For All Indoor Women: A Guide to Getting Outside
I'm typically an indoor kind of lady. I'm very good at staying home, curling up under a blanket with a cup of tea and a book, reading the day away. As a kid, our family vacations were to Amway Conventions, where my sister and I were mostly stuck in hotel lobbies, waiting for my parents to finish being lectured at. I was never in Girl Scouts. I was never taught how to navigate through the woods or start a fire.
But I loved watching the fireflies in my backyard during the summers, and marching around the oak in our front yard, pretending I'd run away on some great adventure with my mini-backpack on.
Now, as an adult, I crave the outdoors. I know I need to be out there, my lungs inhaling the fresh air, my feet firmly planted in the dirt. But all too often this desire gets lost among the piles of to do lists, lesson plans, social plans, and, well, books and writing.
I want to see the view from the mountains and navigate the woods on my own, but as someone who has been conditioned to stay indoors, I have to train myself to put the book down and get my ass outside. So, little by little, I'm trying to do just that.

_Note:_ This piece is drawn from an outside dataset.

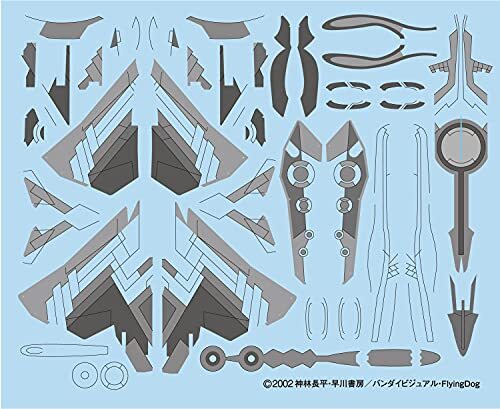 Platz Battle Fairy Yukikaze Gray Sylph 1/144 (Plastic model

If you're anything like me, you'll need a little push. Here are some quickie tips that will help you put the book or computer or phone or whatever is distracting you and get out the door. Here's a step-by-step guide to creating a habit that regularly gets you out into Mother Nature:
1. Make time for it
Clear space. Clear a block of time on your weekly agenda, and write in “Hike” or “Walk by the river.” For disconnecting. For being who you naturally are: a daughter of the earth. You've got to spend time with the Big Mama, even science says so: studies consistently show that “Being in or viewing green space has been shown to reduce physiological measures of stress including blood pressure, heart rate, skin conductance and muscle tension.”

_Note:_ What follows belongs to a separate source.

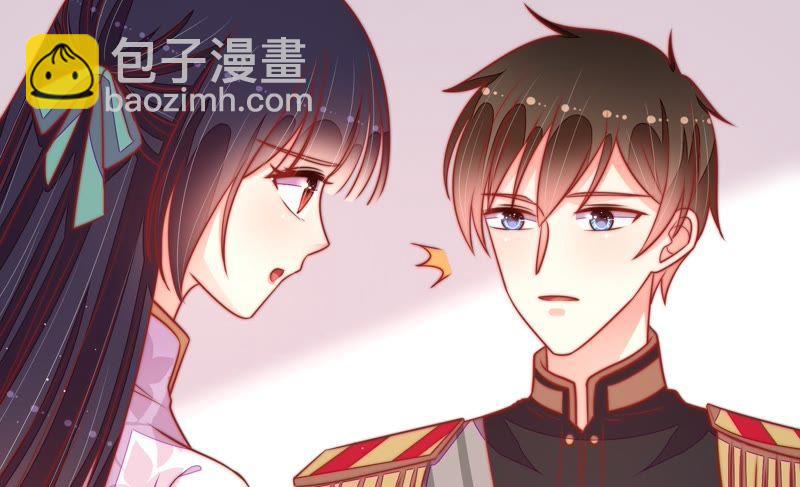 🍱少帅每天都在吃醋 第95话 纠结 第33页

When you go outside, you probably feel all of this. The way she makes your stiff bones lighter and your mind feel like a bedsheet fresh out of the wash. The beauty of nature, how it benefits your well-being, and simply how it makes you feel warrant scheduling time for it. Writing it down will also help you commit to it more. Delegate what you need to. Or even intentionally procrastinate. The dishes can wait.
2. Start small
At first, doing an entire hike up a mountain alone was a scary thought for me. I'm also an expat in the town I live in and was afraid I'd get lost, miscalculate how long the day really is, and have to find my way back in the dark. I'm lucky enough to live next to a river, so I started with small walks near it. Then I went a little further than that to a park just outside my town. And then I went again and found a trail in that park. And then again to discover what was at the end of that trail: more of the river to jump into with ropes tied to tree branches and big rocks to sunbathe on.
Both walking the path and discovering the end of it paid off. So, start where I did: a block away from the house. Walk around your neighborhood as if it were new. Go into that patch of woods you've always walked past but never went into. This is as much exploration as traversing through a jungle or reaching the highest mountain peak.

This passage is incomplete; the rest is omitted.